We aim to be forward looking, developing both in developing the regulatory frameworks and in developing public systems and public money necessary so that safe innovation can flourish to the benefit of all
The Financial Services and Markets Bill will give the Bank powers to regulate operators of systemic payment systems and systemic service providers using ‘digital settlement assets’, including stablecoins that are used, or are likely to be used, for payments, at systemic scale in the UK.
It will also give the FCA powers to regulate the issuance and custody of fiat-referenced stablecoins for conduct and market integrity. We and the FCA11 plan to consult later this year on the regulatory frameworks we will apply to stablecoins.
The Bank of England’s regulatory framework, in line with the legislation, will cover the issuance of stablecoins which are used for payments at systemic scale, the systems for transferring the coins, and also extend to systemic service providers such as custody wallets that are an intrinsic part of the stablecoin arrangement.
It will give effect to two expectations for systemic or likely to be systemic stablecoins that have been set by the Bank’s Financial Policy Committee. First, that payment systems that use stablecoins should be regulated to standards equivalent to those applied for traditional payments. And second that stablecoins used as money for payments should meet equivalent standards to those provided by commercial bank money.
It will follow the guidance on the relevant international standards set last year12, including the requirement that the coins should be redeemable from the stablecoin arrangement, in fiat money, at par value and on demand13. This matches the requirement for commercial bank money and is crucial both to ensure confidence in the coins and their uniformity with other sterling money.
Systemic stablecoins will need to be backed with high quality and liquid assets to be able to meet these expectations and standards, as set out by the Financial Policy Committee14. These could include either deposits at the Bank of England or very highly liquid securities, or some combination of the two. We are currently considering which of these options is most appropriate.
In doing so, we will need to take two important considerations into account. The first is that, unlike commercial bank money which is protected by deposit insurance up to £85,000, it will not be possible – initially at any rate – to give stablecoin holders industry funded protection against failure of the coin.
This reinforces the need to ensure that the backing assets are at all times of sufficient value to meet redemption requests. And it also highlights the potential role of capital requirements.
The second consideration is that the underlying objective of the legislation and the ensuing regulation is to open further the frontier for safe and sustainable innovation and competition in payments. Stablecoin business models should in general reflect this and be grounded in improved payments efficiency and functionality rather than in maturity transformation.
There are other important questions to be resolved, such as whether there should be limits, initially at any rate, on stablecoins used for payments.

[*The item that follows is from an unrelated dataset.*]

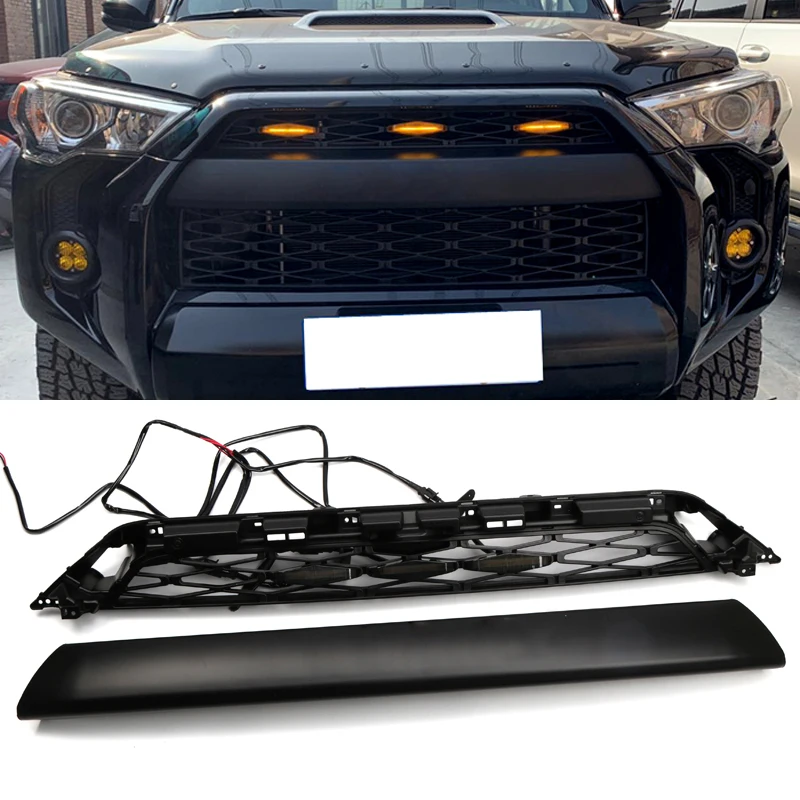 

Yellow /Black LED Lights Front Bumper Grille Grill Fit For Toyota 4Runner TRD Pro 2014 2015 2016 2017 2018 2019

While, from a public policy perspective, we want competition and innovation in payments we need to guard against rapid, disruptive change that does not allow the financial system time to adjust and could therefore threaten financial stability.
The risks to financial stability from the development of digital money issued outside the banking system has been the subject of extensive analysis. The Bank of England’s assessment is that over time, the financial stability risks should be manageable including risks from the impact on the banking system15.
But we cannot know for certain the extent and the speed at which payment stablecoins might be adopted and we may well need limits, at least initially, to ensure we avoid disruptive change that could threaten financial stability.
Another important question will be whether the requirement to be redeemable in fiat money, on demand and at par and the backing asset model will be sufficient to ensure uniformity of sterling stablecoins with each other and with other forms of sterling money. This will depend to some extent on whether there are frictions in the redemption and interchange process.
It has been suggested that ensuring the uniformity (or ‘singleness’ of money) requires that all transactions between different monies settle ultimately in central bank money across the books of the central bank.
While it is not clear to me that this should be the case, it is clearly an issue that should be considered carefully in the design of the regulatory regime.
Finally, on stablecoins, it is important to emphasise that powers in the Bill and the Bank’s regime will be for stablecoins used for payments. A digital representation of an asset with a generally stable value could be used for other purposes.
It could offer a return as an investment product akin to a money market fund. Or it could be part of the credit creation process, with the loans issued in the form of stablecoins.
Neither of these models is likely to fit within the regulatory regime for payment stablecoins, though they may fit within other regulatory regimes. In the first case, to be acceptable as a means of payment at systemic scale, stablecoins will be required to meet redemption at par on demand which is inconsistent with an investment product.
In the second case, the issue of liquid liabilities that can be used as money in return for illiquid debt obligations is the banking business model and issuers of tokenised money who wish to pursue credit creation will need to be regulated as banks.
This brings me to the second area, the issuance by commercial banks of new forms of digital money to be used on new payment rails – in the form of ‘tokenised’ bank deposits. These might offer some or all of the functionality and efficiency claimed for stablecoins, allowing banks deposits to compete better with non-bank payment coins.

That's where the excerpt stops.